* [TASK ITEM] Your answer must be the exact lines from the one holding "Toledo 'da dar" through the end of the entries, with no pictures.

* [EXTRACTED DATA]
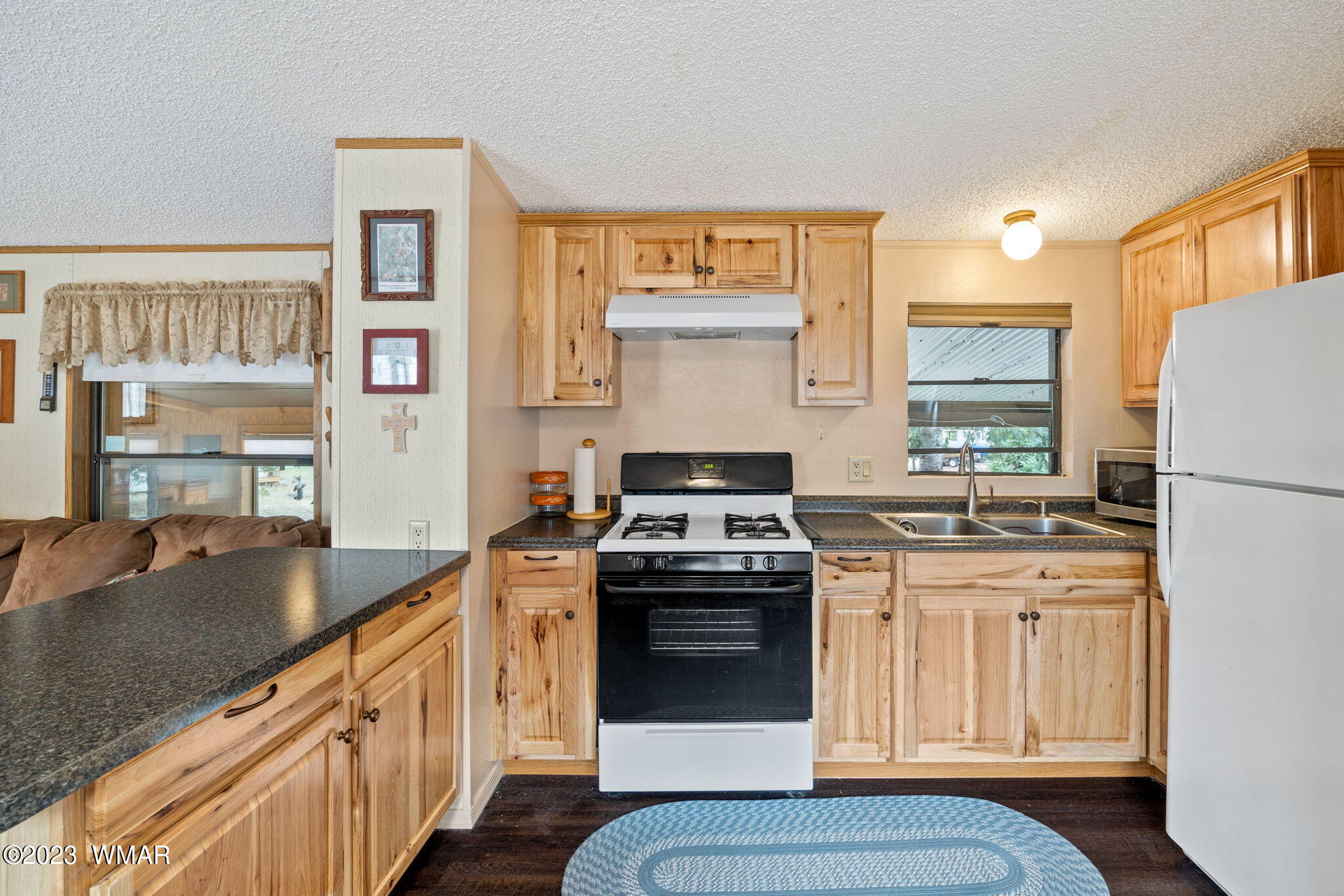 20 County Road 2140 Alpine, AZ 85920 - Photo 6 of 32 a kitchen with stainless steel appliances granite countertop a stove a sink and a refrigerator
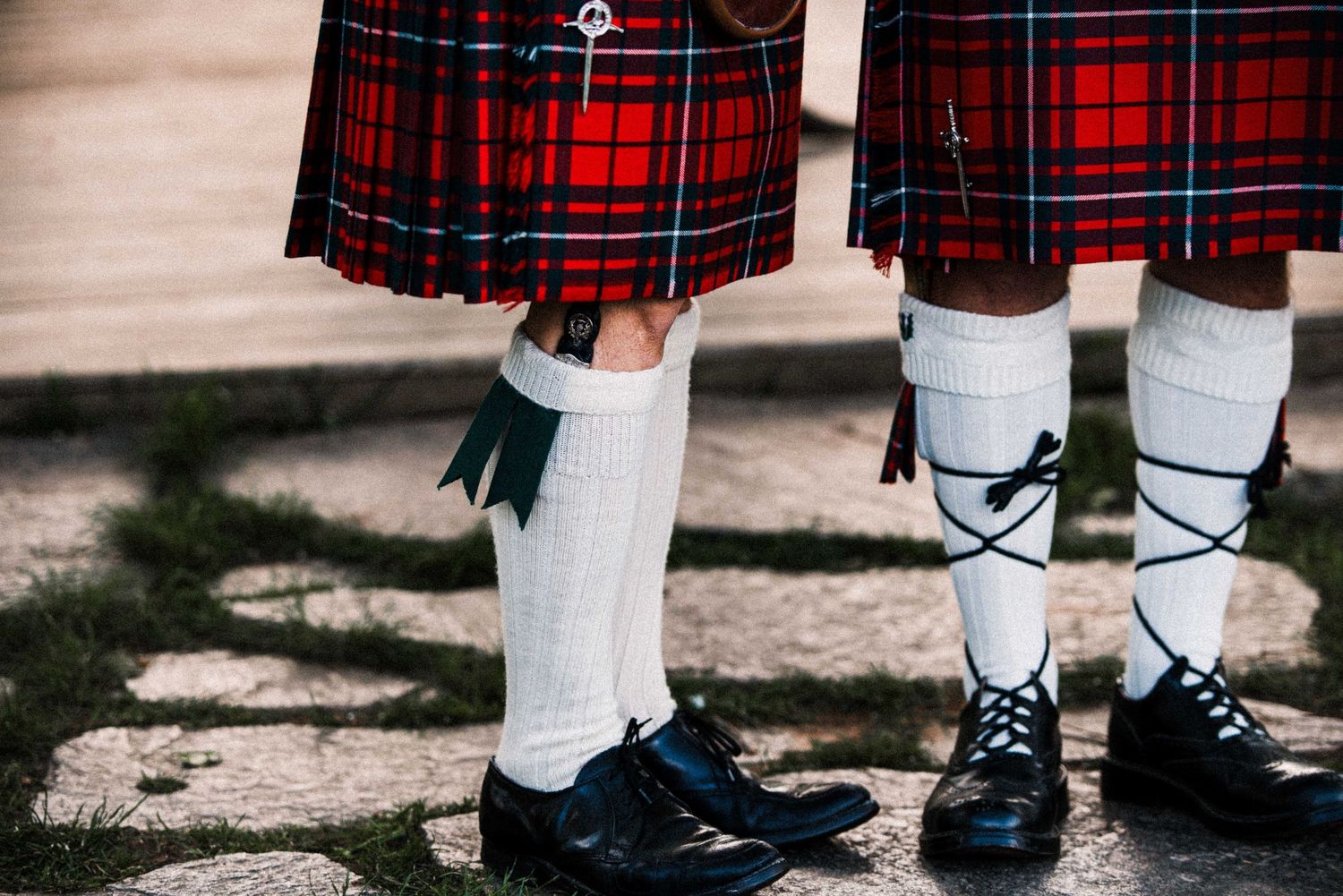 Two men wearing traditional Scottish red tartan kilts, white knee-high socks, and black dress shoes stand outdoors.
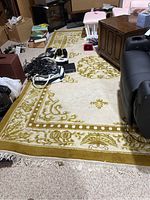 Full view of the large Asian style area rug under furniture and clutter, showing general design, color palette, and fringed edge.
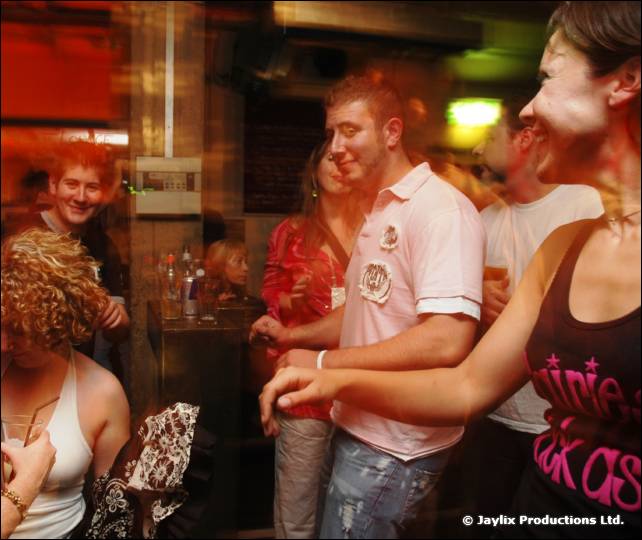 People dance in a bar, including a man in a pink polo shirt and a woman in a black top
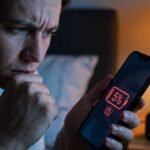 Usuário frustrado segurando o celular no escuro mostrando alerta de bateria fraca de 5%.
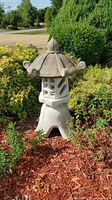 Full view of concrete pagoda statue in garden bed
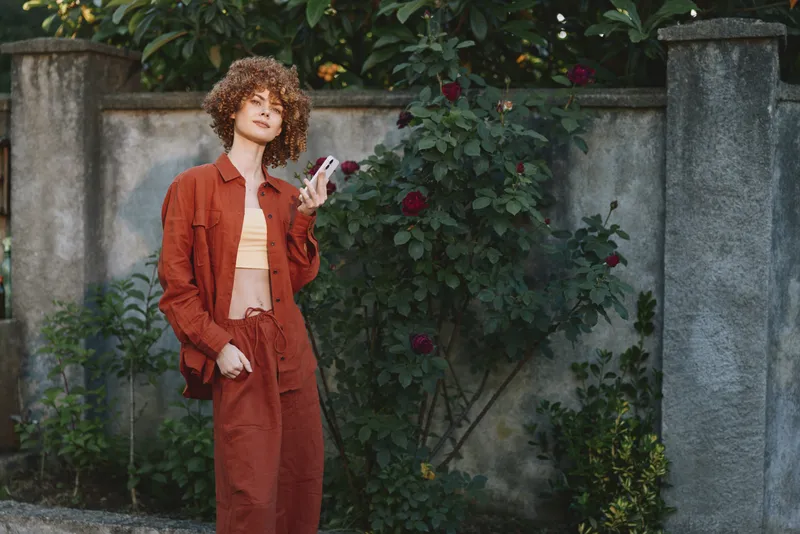 A stylish woman poses outdoors in an orange coordinated outfit, leaning against a garden wall with red blooms. Casual fashion portrait for everyday lifestyle and confidence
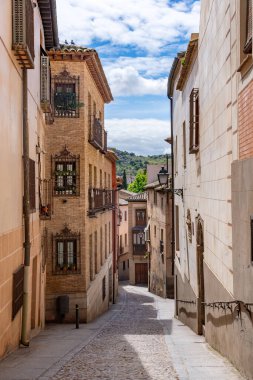 Toledo 'da dar taştan sokaklar demir balkonlu yüksek binalar, tahta pencere panjurları ve fenerler arasında esiyor, zamansız, eski şehir atmosferi yaratıyor.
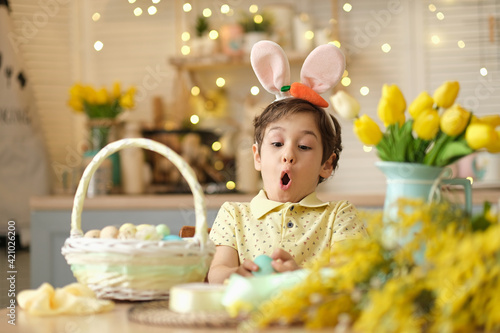 child boy wearing bunny ears sitting in the kitchen at the table. child holding painted eggs preparing for easter. funny surprised child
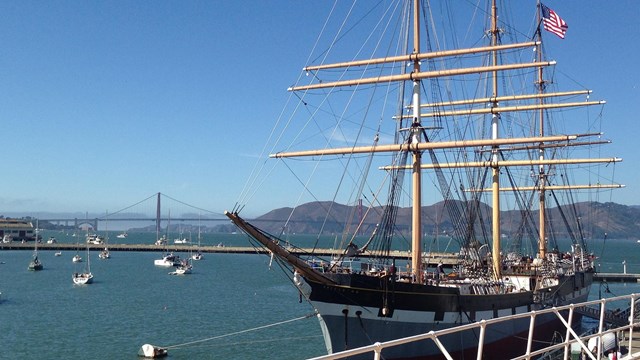 A restored historic sailing ship built in 1886 moored along a pier.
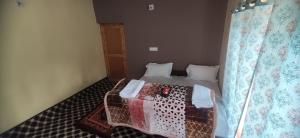uma pequena cama num quarto com uma cortina em Mingoeks Home Stay em Leh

* [EXERCISE RESPONSE]
 Toledo 'da dar taştan sokaklar demir balkonlu yüksek binalar, tahta pencere panjurları ve fenerler arasında esiyor, zamansız, eski şehir atmosferi yaratıyor.
 child boy wearing bunny ears sitting in the kitchen at the table. child holding painted eggs preparing for easter. funny surprised child
 A restored historic sailing ship built in 1886 moored along a pier.
uma pequena cama num quarto com uma cortina em Mingoeks Home Stay em Leh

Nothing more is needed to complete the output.